For the record, it's built with an expected 450mm axle to crown.....so my guess was 5mm off....


----------



## Ilikemtb999 (Oct 8, 2010)

So did you just use some washers to space out the rear hub for the 135mm spacing?


Wait....14mm disc bmx hub? Am I seeing that right? :lol:


----------



## Ilikemtb999 (Oct 8, 2010)

Also another question; who is making your frames? Standard bykes?


----------



## manual63 (Nov 5, 2006)

Ilikebmx999 said:


> So did you just use some washers to space out the rear hub for the 135mm spacing?
> 
> Wait....14mm disc bmx hub? Am I seeing that right? :lol:


The frame is made for a 135mm hub....so no spacers. Both the BB and spacing is MTB all the way with disc mounts, just like most DJ frames on the market.

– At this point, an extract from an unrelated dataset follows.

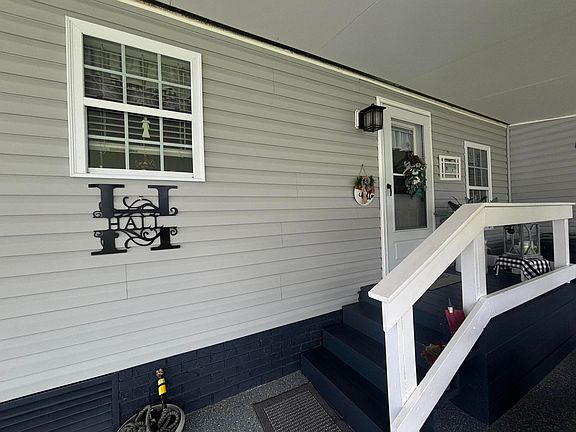 4th image of 1529 SW 35th Circle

The hub is a 14mm axle with disc brake. I wanted to run the 11t driver so I could run my 23t sprocket up front. I filed the axle to allow the frame to slide onto it. Really easy to do. I plan to get a normal 10mm axle hub as soon as I find one with an 11t driver option. I think DMR might make one and Profile too.

We have sold 3 of these right away and have a few pending orders. Since this is a brand new product and we are a newer company, I would say that's pretty good. There frames ride super nice and with the slammed rear end, they pop super easily!


----------



## manual63 (Nov 5, 2006)

Ilikebmx999 said:


> Also another question; who is making your frames? Standard bykes?

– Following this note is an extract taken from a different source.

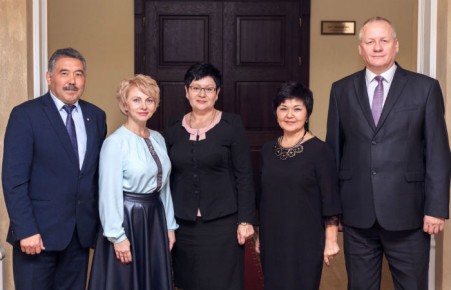 Глава Хакасии назначил заместителей министра образования и науки республики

Yes, Standard Bykes makes our BMX frames and this frame. Peacock Groove makes our Wirth mountain bike frame, which is designed to be an XC frame for someone who comes from a BMX type background. Very agile and fun to ride all while still comfortable for the long haul.


----------



## Ilikemtb999 (Oct 8, 2010)

manual63 said:


> The frame is made for a 135mm hub....so no spacers. Both the BB and spacing is MTB all the way with disc mounts, just like most DJ frames on the market.
> 
> The hub is a 14mm axle with disc brake. I wanted to run the 11t driver so I could run my 23t sprocket up front. I filed the axle to allow the frame to slide onto it. Really easy to do. I plan to get a normal 10mm axle hub as soon as I find one with an 11t driver option. I think DMR might make one and Profile too.
> 
> We have sold 3 of these right away and have a few pending orders. Since this is a brand new product and we are a newer company, I would say that's pretty good. There frames ride super nice and with the slammed rear end, they pop super easily!


I must have missed it....what hub is it? I just didn't know a 135mm hub with disc mounts and a 14mm axle existed. I've done the file thing before back in the day on a bmx bike. Works well and much better then flat 14mm axles they used to make.



manual63 said:


> Yes, Standard Bykes makes our BMX frames and this frame. Peacock Groove makes our Wirth mountain bike frame, which is designed to be an XC frame for someone who comes from a BMX type background. Very agile and fun to ride all while still comfortable for the long haul.


That's awesome. Those guys really know their stuff for sure! Ill have to check out the rest of your line up


----------



## manual63 (Nov 5, 2006)

Ilikebmx999 said:


> I must have missed it....what hub is it? I just didn't know a 135mm hub with disc mounts and a 14mm axle existed. I've done the file thing before back in the day on a bmx bike. Works well and much better then flat 14mm axles they used to make.


It's an Eastern hub. Came off of a 2007 Night Train I had laying around. This frame is about 2 pounds lighter than my old Night Train frame and about 1 pound lighter than the current frames they make. This frame is also a lot stronger due to it's OX Platinum top and down tubes....which is how we can make them so light at right around 4 1/2 pounds.


----------